My ‘slaad’ days in the 60s and 70s
centred around Curzon Road—today’s K.G. Marg—and a five-mile radius around
it, the venue of many firsts.
Delhi’s first takeaway: an Electric Lane eatery, from where a surly idli-man with crooked teeth and thick soda glasses worked the length of Curzon Road door-to-door, sloshing sambhar out of a Brite plastic bucket like a farmer does pigswill.
The summer’s first amaltas on Atul Grove Lane—connecting Curzon to Janpath—which splashed their golden shower before any others in the city, even as searing winds whipped up mini tornadoes of dust and yellow petals along phantasmagoric tar.
Delhi’s first coffee house at Connaught Place—Rajiv Chowk’s namesake was still in his Doon School shorts!—all greasy vadas, watery brew, loud, leftwing intellectuals and the arthouse crowd from Mandi House.
And our first bug-eyed sight of voyagers: large overland buses from London pulled up just where Palika Bazaar pocks CP like an ingrown carbuncle today. Filled with longing, we’d stare at the psychedelic peace signs and route maps on their sides. Across the street, BOAC and Quantas beckoned and twinkled but stayed expensively out of reach.
The chrome-and-steel jukebox at Standard Restaurant was as decadent as its peach melba, and Kake da Hotel was the original home of Delhi’s feathered mascot, the tandoori chicken.
It was a Delhi of rides aboard DTC’s route 220 to get to St Stephen’s for an early morning ‘tute’, of being the ‘second batch of girls’ and deliciously outnumbered by boys, gorgeous boys.

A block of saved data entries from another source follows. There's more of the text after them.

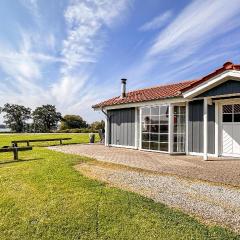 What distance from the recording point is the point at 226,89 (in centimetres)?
1104

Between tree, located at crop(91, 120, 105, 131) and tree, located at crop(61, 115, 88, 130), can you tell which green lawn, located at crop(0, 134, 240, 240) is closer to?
tree, located at crop(91, 120, 105, 131)

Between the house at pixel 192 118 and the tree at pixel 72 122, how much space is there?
3413 centimetres

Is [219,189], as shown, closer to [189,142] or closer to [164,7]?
[189,142]

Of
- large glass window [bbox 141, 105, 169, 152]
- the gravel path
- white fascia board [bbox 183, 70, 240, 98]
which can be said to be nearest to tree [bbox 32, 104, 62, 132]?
large glass window [bbox 141, 105, 169, 152]

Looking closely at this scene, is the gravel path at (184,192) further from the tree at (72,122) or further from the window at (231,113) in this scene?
the tree at (72,122)

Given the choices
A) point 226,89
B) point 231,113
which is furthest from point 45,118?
point 226,89

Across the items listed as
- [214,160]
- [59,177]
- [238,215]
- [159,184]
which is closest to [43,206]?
[59,177]

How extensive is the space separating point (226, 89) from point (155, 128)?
458 cm

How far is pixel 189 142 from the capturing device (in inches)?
530

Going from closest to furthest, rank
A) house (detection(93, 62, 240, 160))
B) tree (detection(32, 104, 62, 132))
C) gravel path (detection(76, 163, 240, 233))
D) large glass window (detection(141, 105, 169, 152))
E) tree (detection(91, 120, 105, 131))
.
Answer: gravel path (detection(76, 163, 240, 233))
house (detection(93, 62, 240, 160))
large glass window (detection(141, 105, 169, 152))
tree (detection(91, 120, 105, 131))
tree (detection(32, 104, 62, 132))

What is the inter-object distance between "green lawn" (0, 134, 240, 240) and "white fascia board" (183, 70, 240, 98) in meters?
6.73

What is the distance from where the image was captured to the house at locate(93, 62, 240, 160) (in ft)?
37.3

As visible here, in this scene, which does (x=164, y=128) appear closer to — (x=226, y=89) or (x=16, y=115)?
(x=226, y=89)

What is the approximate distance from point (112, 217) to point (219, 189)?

It was a Delhi of great dance floors—the Cellar at Regal, Tabela at the then Oberoi Intercontinental or Wheels at the Ambassador. And it was a Delhi of canny enterprise: Jean Junction ensured we didn’t have to wrangle for denim, Dateline Delhi, the city’s first thinking-man tabloid, gave us summer jobs and stories.
In the brief misty monsoon, the pavements steamed over with the ripe smell of neem fruit crushed by our platform heels. A few weeks later they’d be replaced by jamun, whose colour purple dyed the earth.
Delhi is where the dreaded chocolate barfi was born, this is where Band on The Run played repeatedly in the Chanakya lobby while you waited for Abba The Movie to begin. This is where Salma Sultan dimpled her way through the country’s first black and white telecast, this is where Coca Cola died and prohibition saw us sip beer out of Chinese teacups.
But as some French dude put it: the more things change, the more they remain the same.
Portly sarkari employees in bright hand-knit sweaters and woolly caps ending in a baby frill around their napes, still crack peanuts and soak up the winter sun at traffic roundabouts on taxpayers’ time. The musty smell of winter sleep still pervades taxis, odes to Sunny, Bunny and Happy still adorn three-wheelers and the Meena community still benefits from job reservations in Delhi Police.
George has long vanished from under his canopy at India Gate, Wellesley and several others morphed into Mughal emperors and Rattendon underwent a sex change.
But it’s still my Delhi—at least, till some zealous do-gooder changes its name. Kukkadprastha, anyone?